Problem statement - Nothing but the lines from the start of the data through the line with "PTBA Produksi Batu" should appear in the answer, each retyped exactly, and pictures should not.

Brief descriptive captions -
========================

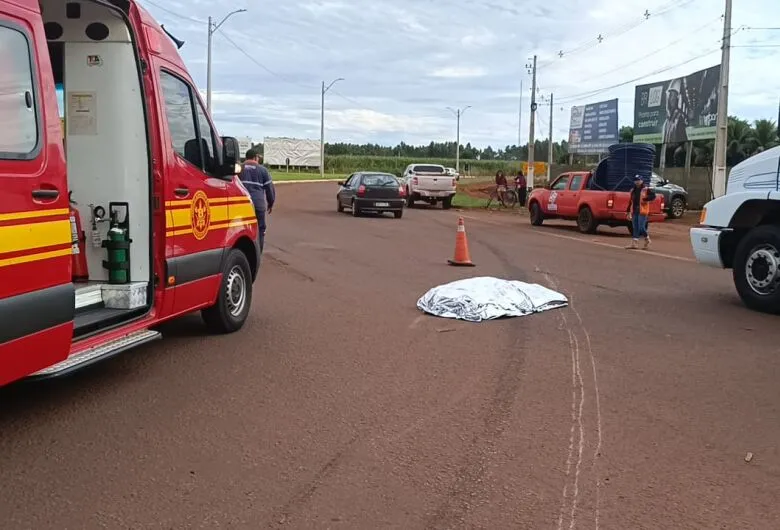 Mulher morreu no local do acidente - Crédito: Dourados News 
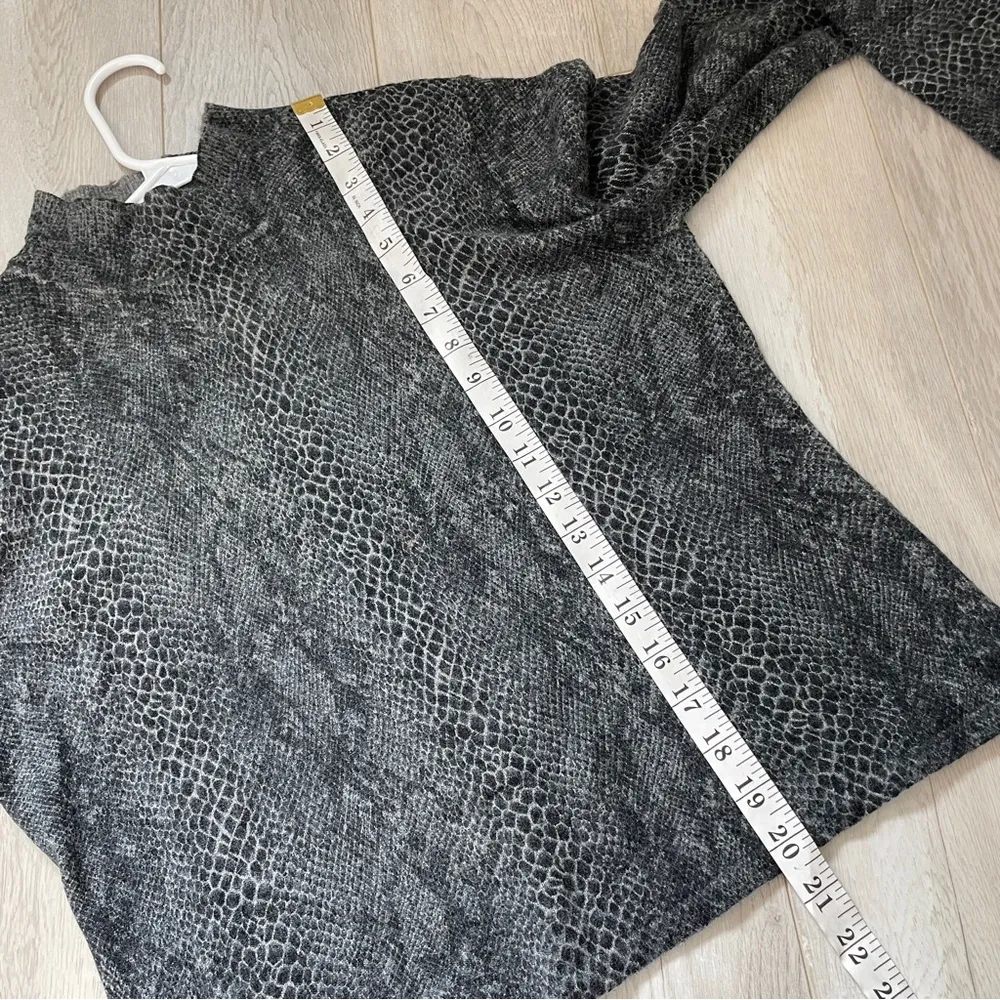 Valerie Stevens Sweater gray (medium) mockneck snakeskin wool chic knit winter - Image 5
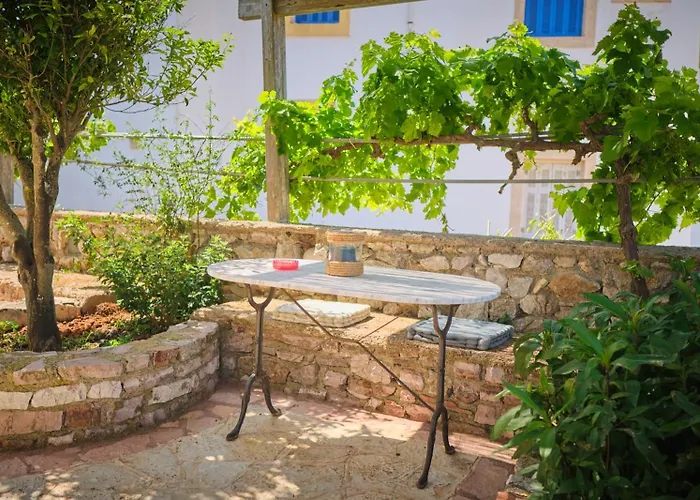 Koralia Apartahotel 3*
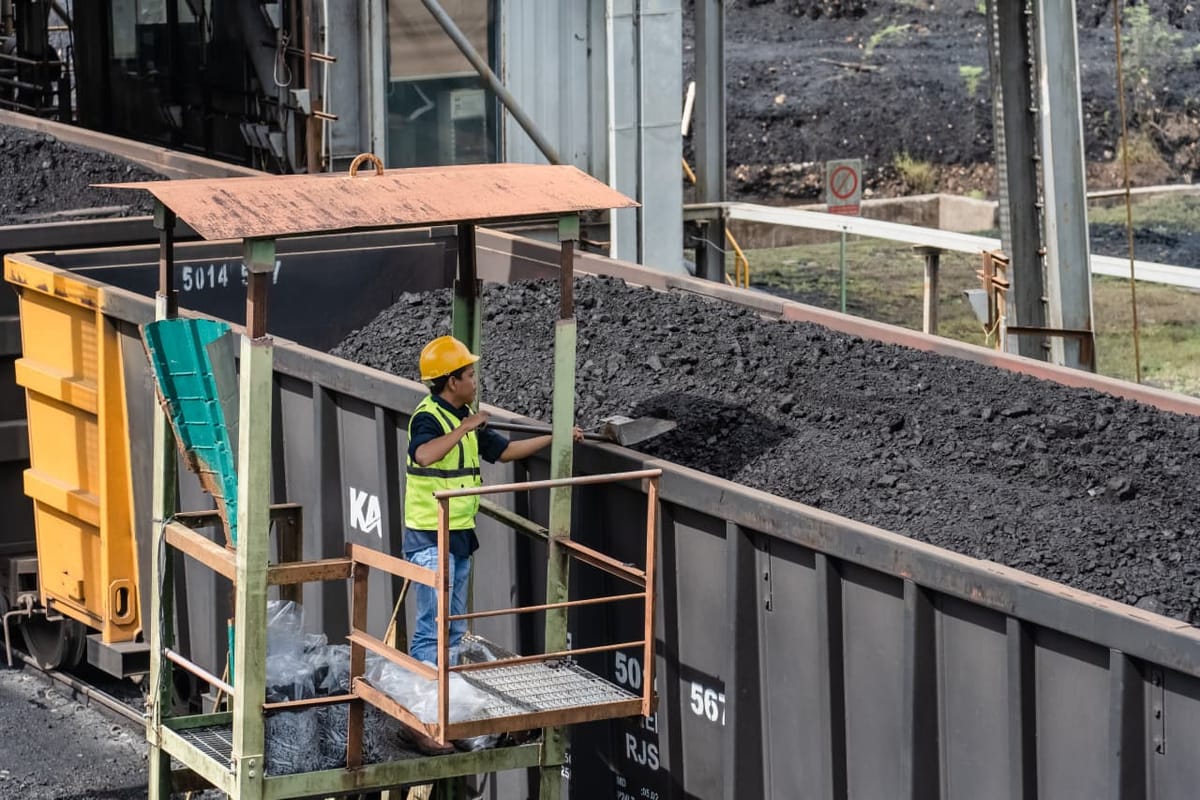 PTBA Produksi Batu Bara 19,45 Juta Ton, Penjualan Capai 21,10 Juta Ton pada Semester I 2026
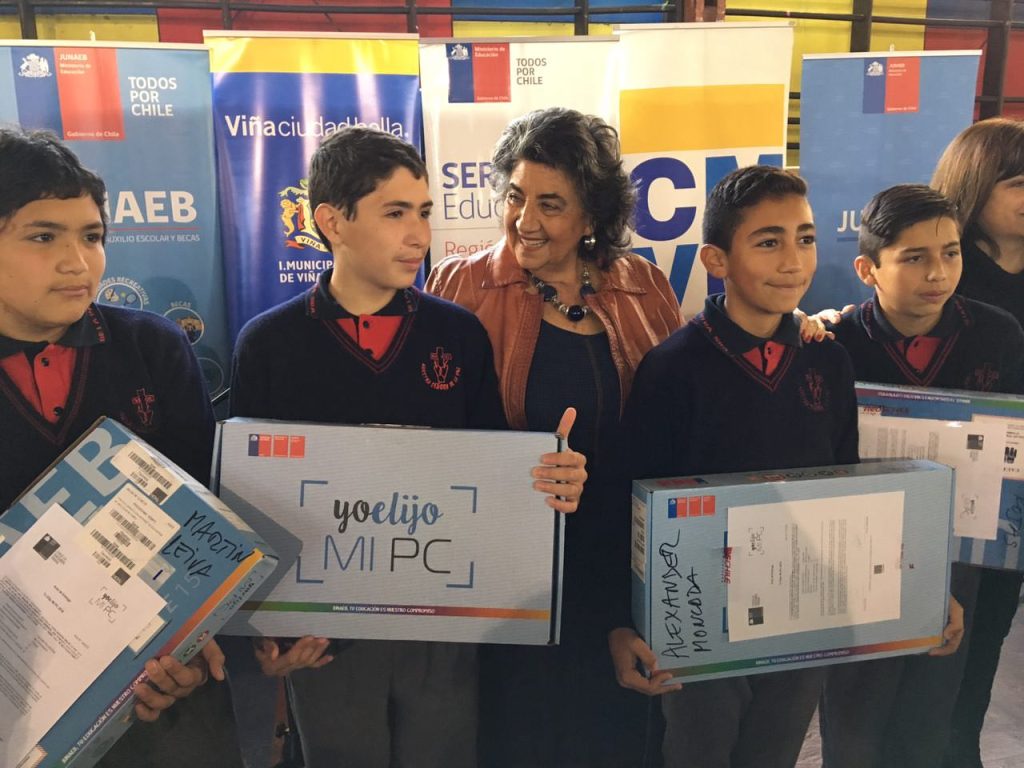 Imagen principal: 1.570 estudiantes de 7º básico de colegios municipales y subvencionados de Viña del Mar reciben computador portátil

========================

Response to the task -
 Mulher morreu no local do acidente - Crédito: Dourados News 
 Valerie Stevens Sweater gray (medium) mockneck snakeskin wool chic knit winter - Image 5
 Koralia Apartahotel 3*
 PTBA Produksi Batu Bara 19,45 Juta Ton, Penjualan Capai 21,10 Juta Ton pada Semester I 2026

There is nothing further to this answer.